How to turn medical imaging data into an invaluable asset was the topic of discussion at Think RADical, a National Health IT Week event that took place in New York City, focused on driving innovation in medical imaging. Panels featured radiologists, researchers, venture capitalists, and informatics experts. The importance of imaging data, as seen through different lenses, led to a fiery discussion among panelists, moderators, and the audience. Twitter was overflowing with commentary throughout the sessions, and we’ll highlight some of the top tweets and comments you won’t want to miss.
The day kicked off with Morris Panner, CEO of Ambra Health, sharing some of the hard truths of the healthcare industry, like that medical errors now kill an estimated 250,000 Americans per year. Panner made clear that the industry is failing on cost, quality, and access, and we must “thinkRADical”across verticals to solve these dilemmas. Panner said, “today is about blasting through the clutter.”
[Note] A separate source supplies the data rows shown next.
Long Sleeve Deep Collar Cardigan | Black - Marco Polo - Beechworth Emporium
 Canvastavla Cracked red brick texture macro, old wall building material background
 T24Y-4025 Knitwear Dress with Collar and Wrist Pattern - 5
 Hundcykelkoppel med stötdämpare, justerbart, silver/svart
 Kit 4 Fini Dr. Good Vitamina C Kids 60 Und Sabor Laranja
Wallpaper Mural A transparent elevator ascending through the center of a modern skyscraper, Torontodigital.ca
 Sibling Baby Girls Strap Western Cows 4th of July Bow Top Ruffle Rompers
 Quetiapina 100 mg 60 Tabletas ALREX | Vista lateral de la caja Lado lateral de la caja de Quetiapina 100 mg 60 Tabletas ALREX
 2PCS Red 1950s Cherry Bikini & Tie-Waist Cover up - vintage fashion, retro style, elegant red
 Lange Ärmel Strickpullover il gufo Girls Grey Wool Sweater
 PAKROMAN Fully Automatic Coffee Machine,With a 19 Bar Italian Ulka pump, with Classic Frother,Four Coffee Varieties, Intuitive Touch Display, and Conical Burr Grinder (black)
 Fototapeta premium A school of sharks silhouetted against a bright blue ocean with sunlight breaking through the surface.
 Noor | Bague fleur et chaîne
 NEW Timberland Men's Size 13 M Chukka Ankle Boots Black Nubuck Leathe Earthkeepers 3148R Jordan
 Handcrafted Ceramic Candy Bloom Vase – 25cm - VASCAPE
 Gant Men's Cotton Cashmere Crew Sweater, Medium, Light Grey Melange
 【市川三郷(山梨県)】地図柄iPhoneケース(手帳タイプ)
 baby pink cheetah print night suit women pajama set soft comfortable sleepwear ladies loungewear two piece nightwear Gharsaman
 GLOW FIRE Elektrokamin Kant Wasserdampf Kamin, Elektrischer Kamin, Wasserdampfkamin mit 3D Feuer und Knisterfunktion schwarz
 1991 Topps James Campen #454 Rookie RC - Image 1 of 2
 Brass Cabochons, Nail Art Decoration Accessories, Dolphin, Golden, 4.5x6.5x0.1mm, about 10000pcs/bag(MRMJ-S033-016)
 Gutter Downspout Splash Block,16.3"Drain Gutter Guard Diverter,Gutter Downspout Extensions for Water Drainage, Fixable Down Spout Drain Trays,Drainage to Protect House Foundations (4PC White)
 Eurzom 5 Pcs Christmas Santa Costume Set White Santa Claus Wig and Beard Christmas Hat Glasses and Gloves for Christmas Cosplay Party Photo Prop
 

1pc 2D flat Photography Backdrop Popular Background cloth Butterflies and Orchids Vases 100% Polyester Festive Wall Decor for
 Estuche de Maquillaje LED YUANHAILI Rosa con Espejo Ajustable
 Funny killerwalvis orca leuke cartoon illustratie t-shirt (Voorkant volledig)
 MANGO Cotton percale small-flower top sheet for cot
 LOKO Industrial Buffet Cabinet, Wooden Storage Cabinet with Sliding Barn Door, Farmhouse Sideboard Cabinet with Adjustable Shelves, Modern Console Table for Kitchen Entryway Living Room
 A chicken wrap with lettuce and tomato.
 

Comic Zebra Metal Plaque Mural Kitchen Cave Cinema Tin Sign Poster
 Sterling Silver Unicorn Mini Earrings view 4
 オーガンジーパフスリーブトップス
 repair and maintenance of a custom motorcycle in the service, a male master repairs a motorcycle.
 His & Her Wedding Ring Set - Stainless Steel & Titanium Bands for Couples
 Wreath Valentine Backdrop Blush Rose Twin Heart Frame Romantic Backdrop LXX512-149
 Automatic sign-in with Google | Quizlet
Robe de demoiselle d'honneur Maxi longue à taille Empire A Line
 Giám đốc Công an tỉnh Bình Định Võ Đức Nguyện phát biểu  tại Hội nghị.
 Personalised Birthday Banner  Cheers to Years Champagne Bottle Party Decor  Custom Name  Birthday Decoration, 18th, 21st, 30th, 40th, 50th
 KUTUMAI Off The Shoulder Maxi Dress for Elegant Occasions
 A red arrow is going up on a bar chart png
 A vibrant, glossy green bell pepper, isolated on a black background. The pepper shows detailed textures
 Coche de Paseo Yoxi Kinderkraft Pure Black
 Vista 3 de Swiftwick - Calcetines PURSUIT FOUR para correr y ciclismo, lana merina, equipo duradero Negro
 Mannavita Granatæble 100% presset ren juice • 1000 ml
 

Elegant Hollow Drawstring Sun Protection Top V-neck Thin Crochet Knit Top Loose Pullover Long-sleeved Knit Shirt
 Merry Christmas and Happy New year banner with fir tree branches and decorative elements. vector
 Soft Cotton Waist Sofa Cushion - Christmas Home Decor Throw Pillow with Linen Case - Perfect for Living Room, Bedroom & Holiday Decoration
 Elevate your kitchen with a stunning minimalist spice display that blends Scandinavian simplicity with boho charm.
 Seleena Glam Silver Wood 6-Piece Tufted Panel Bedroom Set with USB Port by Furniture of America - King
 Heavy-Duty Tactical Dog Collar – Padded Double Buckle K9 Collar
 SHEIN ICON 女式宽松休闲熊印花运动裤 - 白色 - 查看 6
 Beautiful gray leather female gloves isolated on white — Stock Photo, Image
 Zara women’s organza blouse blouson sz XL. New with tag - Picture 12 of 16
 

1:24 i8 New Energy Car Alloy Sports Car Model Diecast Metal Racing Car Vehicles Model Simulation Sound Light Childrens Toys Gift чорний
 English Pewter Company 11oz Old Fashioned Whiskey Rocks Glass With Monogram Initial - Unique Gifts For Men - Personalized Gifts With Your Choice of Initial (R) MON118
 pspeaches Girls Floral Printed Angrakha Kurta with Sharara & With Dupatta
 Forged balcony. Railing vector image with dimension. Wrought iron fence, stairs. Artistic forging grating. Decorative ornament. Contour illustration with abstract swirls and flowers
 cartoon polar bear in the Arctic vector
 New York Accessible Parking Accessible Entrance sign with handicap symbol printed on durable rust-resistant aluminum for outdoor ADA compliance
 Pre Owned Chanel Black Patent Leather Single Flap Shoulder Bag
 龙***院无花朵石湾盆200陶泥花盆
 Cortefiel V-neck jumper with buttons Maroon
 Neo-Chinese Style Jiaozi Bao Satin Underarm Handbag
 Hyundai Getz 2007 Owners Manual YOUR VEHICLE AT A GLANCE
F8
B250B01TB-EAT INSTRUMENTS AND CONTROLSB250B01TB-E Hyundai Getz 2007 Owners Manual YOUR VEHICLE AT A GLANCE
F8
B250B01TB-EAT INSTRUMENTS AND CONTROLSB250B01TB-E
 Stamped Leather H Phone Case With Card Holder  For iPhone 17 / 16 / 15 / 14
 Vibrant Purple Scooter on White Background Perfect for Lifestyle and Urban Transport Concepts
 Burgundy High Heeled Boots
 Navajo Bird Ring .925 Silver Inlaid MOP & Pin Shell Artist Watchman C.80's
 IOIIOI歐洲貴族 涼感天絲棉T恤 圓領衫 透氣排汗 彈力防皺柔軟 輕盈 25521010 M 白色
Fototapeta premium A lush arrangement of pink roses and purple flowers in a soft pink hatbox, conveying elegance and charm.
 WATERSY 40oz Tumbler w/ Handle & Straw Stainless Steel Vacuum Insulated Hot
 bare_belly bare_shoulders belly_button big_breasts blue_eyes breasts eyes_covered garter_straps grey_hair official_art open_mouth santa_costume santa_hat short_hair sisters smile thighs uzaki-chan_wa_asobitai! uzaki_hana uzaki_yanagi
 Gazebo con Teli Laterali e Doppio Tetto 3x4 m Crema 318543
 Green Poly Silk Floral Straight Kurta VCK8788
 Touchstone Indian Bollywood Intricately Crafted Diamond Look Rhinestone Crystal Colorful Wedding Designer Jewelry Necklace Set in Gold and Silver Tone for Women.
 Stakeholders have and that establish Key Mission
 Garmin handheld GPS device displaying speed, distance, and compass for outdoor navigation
Following Morris Panner, Lea Halim, Senior Consultant, The Advisory Board Company, shared the current growth outlook for imaging.
There are several key opportunities for growth to take place including newly accepted screenings like lung cancer and CT colonography. More than ever, patients are also advocating for improvements in healthcare and demanding convenient locations, timely care, and transparent prices. With few organizations offering transparent pricing, it’s a prime opportunity for a facility to differentiate themselves.
Following Lea Halim, Mini Peiris, CMO of Ambra Health, led a Radiology Perspectives panel with Dr. Geraldine McGinty, Asst. Chief Contracting Officer, Weill Cornell Medicine, and Dr. Eliot Siegel, Professor and Vice Chair Research Informatics, University of Maryland School of Medicine. The panel discussed some hot-button questions, including whether AI would one day take over radiology. Dr. Siegel answered with a resounding no, rather, that AI would become a radiologist’s best friend and a strong resource for mining large data sets for individual patient care and insights. While Dr. McGinty agreed that AI will be a fundamental resource in the future, she also advocated for a more diverse physician workforce. She noted that because the US population is diverse, we can’t help these populations if we don’t understand them, and diversity is a matter of life or death.
Dr. McGinty also discussed that as a mammographer, having access to prior exams is the most important thing in her field. Without previous imaging work, it is difficult to tell if abnormalities are part of a woman’s natural anatomy, or if they are stemming from another cause. The cloud has been a key technological innovation for the storage of large imaging sets and easy access to patient priors through automated matching.
The discussion then jumped to informatics with Ed Marshall, CPO of Ambra Health, and Dr. David Mendelson, Director of Radiology Information Systems, Mount Sinai. In addition, he currently serves on the Radiological Society of North America’s (RSNA) Radiology Informatics Committee (RIC), where he is the Chairman of the Integrating the Healthcare Enterprise (IHE) subcommittee, as well as the American College of Radiology IT Informatics Committee. He is also the principal investigator for the NIBIB/RSNA Image Sharing Contract. In these positions, he focuses on interoperability and has participated in shaping national and international standards.
An interoperability town hall took place with audience members asking questions like, Have patients been demanding more access to their data, or are they still relatively uninformed? and How does the Affordable Care Act affect image sharing and interoperability, or is it relatively low impact? The answer to these questions was clear, the Affordable Care Act and patients alike demand that the correct imaging exam be done the first time, and therefore, imaging standards and interoperability across facilities is crucial.
Finally, Morris Panner returned to the stage with Dr. Stephen Bloch, General Partner, Canaan Partners, and Dr. David Tsay Ph.D., Director Innovation Center, Cardiac Electrophysiologist, New York Presbyterian Hospital. The speakers discussed prioritizing and funding innovation in healthcare IT along. In addition, they touched on the resistance to change in the healthcare field and how steps can be taken to move from a “great idea” to commercialization. With patients demanding easy access to their own medical data, it is inevitable that healthcare enterprises will require both innovation and funding to turn patient requests into tangible deliverables.